▶ _How to complete this task_
Below are some records. Reproduce them exactly from their first line through the line with "LangSha Children's Underwear, Boys'", inclusive.

(Beginning of Input material)

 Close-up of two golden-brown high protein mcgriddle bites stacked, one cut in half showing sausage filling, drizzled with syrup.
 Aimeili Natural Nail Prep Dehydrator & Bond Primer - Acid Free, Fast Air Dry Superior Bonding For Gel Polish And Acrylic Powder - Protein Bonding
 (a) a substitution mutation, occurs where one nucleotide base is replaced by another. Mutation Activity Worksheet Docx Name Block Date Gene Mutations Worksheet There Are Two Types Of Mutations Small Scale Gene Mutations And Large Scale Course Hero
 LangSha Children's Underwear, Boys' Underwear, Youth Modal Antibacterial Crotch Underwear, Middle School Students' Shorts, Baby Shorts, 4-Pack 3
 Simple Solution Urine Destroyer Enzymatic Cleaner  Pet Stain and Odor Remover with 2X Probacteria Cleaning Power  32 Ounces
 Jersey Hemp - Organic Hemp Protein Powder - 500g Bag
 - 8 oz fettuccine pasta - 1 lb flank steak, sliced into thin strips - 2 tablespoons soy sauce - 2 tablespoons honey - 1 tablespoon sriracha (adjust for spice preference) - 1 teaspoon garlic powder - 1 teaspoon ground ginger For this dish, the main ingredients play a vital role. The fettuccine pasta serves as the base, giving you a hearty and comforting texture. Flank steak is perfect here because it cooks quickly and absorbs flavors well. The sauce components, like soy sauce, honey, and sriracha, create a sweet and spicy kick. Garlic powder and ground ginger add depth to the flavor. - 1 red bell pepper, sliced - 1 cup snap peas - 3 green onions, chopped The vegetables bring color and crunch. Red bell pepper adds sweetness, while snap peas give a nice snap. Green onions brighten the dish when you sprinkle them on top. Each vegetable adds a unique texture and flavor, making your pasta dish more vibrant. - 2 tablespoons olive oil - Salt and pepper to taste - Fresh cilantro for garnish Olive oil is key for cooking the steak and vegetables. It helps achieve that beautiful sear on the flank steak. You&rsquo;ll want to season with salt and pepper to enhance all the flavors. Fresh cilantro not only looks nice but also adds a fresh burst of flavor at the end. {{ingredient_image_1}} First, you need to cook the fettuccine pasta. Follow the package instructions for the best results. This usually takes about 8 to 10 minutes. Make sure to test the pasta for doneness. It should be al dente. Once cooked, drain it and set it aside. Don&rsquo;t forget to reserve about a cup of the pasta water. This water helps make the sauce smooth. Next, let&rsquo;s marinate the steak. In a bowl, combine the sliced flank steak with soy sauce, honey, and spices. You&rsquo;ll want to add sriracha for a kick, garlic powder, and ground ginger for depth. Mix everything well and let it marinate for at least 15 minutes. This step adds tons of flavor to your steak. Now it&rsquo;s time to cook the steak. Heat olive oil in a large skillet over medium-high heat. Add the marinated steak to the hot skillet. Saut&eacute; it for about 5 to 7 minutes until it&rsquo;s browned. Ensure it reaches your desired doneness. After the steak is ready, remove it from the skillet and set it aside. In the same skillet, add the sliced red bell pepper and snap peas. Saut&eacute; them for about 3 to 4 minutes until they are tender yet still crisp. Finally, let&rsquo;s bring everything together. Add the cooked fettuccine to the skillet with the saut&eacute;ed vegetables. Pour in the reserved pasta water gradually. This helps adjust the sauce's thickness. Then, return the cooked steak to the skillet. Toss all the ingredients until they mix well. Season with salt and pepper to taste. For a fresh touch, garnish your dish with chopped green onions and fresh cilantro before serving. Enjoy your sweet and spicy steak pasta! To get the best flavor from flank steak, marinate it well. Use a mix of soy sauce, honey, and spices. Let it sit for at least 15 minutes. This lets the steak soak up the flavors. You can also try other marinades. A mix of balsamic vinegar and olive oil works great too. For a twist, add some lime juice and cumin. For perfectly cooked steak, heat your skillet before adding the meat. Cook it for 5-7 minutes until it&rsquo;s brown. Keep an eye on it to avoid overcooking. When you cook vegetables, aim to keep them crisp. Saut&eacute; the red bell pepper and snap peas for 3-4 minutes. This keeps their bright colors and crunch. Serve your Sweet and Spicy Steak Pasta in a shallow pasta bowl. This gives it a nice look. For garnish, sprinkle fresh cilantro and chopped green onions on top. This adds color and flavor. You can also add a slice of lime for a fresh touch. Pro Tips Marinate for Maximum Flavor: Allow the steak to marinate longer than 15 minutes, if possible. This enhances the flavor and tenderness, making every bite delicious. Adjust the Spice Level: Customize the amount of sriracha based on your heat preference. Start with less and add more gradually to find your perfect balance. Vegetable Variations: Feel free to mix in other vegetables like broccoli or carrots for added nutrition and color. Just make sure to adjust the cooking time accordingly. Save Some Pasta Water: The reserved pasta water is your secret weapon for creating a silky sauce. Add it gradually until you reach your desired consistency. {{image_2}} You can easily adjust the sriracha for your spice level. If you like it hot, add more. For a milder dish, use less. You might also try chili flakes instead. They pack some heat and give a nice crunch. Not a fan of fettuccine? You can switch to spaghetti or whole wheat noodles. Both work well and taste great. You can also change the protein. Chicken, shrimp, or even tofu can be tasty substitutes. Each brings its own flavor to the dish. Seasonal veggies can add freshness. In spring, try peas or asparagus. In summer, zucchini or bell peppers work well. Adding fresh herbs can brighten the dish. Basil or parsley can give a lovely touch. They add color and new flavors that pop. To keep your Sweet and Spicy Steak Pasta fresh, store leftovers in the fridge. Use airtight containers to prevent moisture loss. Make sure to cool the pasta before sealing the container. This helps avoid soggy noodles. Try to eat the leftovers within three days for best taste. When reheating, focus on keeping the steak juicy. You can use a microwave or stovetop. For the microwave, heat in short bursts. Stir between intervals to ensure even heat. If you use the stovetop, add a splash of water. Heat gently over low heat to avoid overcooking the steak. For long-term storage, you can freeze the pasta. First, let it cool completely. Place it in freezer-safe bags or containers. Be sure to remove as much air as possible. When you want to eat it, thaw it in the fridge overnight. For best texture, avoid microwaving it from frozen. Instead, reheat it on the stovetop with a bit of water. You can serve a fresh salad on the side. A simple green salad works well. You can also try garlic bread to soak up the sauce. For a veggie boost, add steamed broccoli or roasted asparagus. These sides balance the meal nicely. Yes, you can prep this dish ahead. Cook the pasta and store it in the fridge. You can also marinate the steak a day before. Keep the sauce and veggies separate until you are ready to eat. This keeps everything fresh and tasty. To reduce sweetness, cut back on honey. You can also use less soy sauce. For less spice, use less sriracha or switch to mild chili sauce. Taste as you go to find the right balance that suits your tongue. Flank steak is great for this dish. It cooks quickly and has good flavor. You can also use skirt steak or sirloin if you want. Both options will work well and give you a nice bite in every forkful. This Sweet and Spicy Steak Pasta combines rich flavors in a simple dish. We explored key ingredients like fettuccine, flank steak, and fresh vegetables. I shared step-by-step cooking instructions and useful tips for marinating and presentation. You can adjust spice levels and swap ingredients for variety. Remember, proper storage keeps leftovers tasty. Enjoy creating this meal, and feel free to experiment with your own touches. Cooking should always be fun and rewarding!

(End of Input material)

▶ _Written response_
 Close-up of two golden-brown high protein mcgriddle bites stacked, one cut in half showing sausage filling, drizzled with syrup.
 Aimeili Natural Nail Prep Dehydrator & Bond Primer - Acid Free, Fast Air Dry Superior Bonding For Gel Polish And Acrylic Powder - Protein Bonding
 (a) a substitution mutation, occurs where one nucleotide base is replaced by another. Mutation Activity Worksheet Docx Name Block Date Gene Mutations Worksheet There Are Two Types Of Mutations Small Scale Gene Mutations And Large Scale Course Hero
 LangSha Children's Underwear, Boys' Underwear, Youth Modal Antibacterial Crotch Underwear, Middle School Students' Shorts, Baby Shorts, 4-Pack 3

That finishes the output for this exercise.